Cloud server deployment stable diffusion webui

Some process + billions of pitfall records

It's all because my graphics card is too bad, and I happen to have a rented server for the remaining deep learning platform. It's not necessary to be so troublesome if I just use it, but the training requires video memory and I don't plan to run around forever with a small laptop.
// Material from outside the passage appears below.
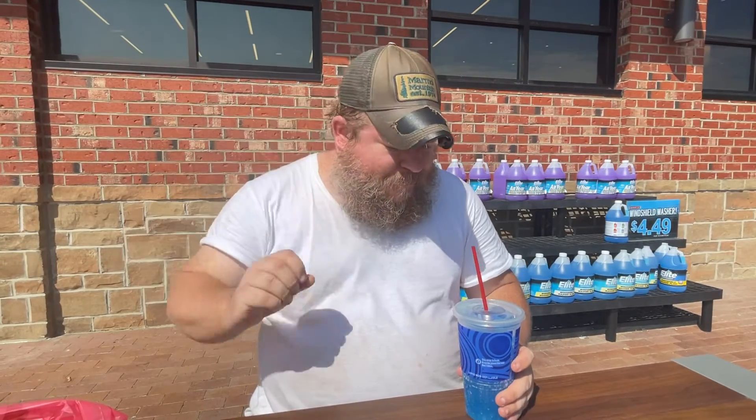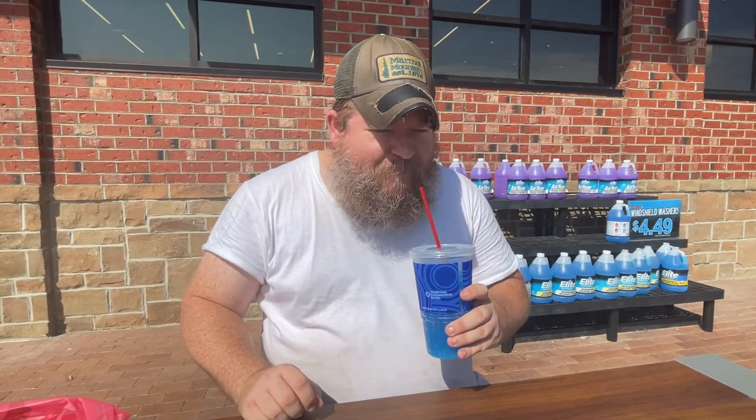Tastes like lemonade — tastes exactly like lemonade. Not like Mountain Dew lemonade, just lemonade. There's hardly any flavor to it. Maybe I got a bad batch.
The current time is 2022.11.12, and later and previous versions may not be applicable.

The processes I use

Create environment (linux)

Generally, rented servers will come with some configurations, and it seems that you can configure a little less, but my lesson is that it is more worry-free to create a clean virtual environment from scratch.

conda create -n sd python=3.8 
conda activate sd

Regarding conda, pip and other things, if your platform does not come with it, there should be a basic tutorial. There should be corresponding practices for each platform on how to persist your virtual environment.

Then there is the instruction given by the official website:

sudo apt install wget git python3 python3-venv

Create a new folder, cd into the folder, and clone the webui :

git clone https://github.com/AUTOMATIC1111/stable-diffusion-webui.git

The weights are placed under stable-diffusion-webui/models.

If it goes well, enter stable-diffusion-webui, and you can follow the official one-step process at this time.

bash <(wget -qO- https://raw.githubusercontent.com/AUTOMATIC1111/stable-diffusion-webui/master/webui.sh)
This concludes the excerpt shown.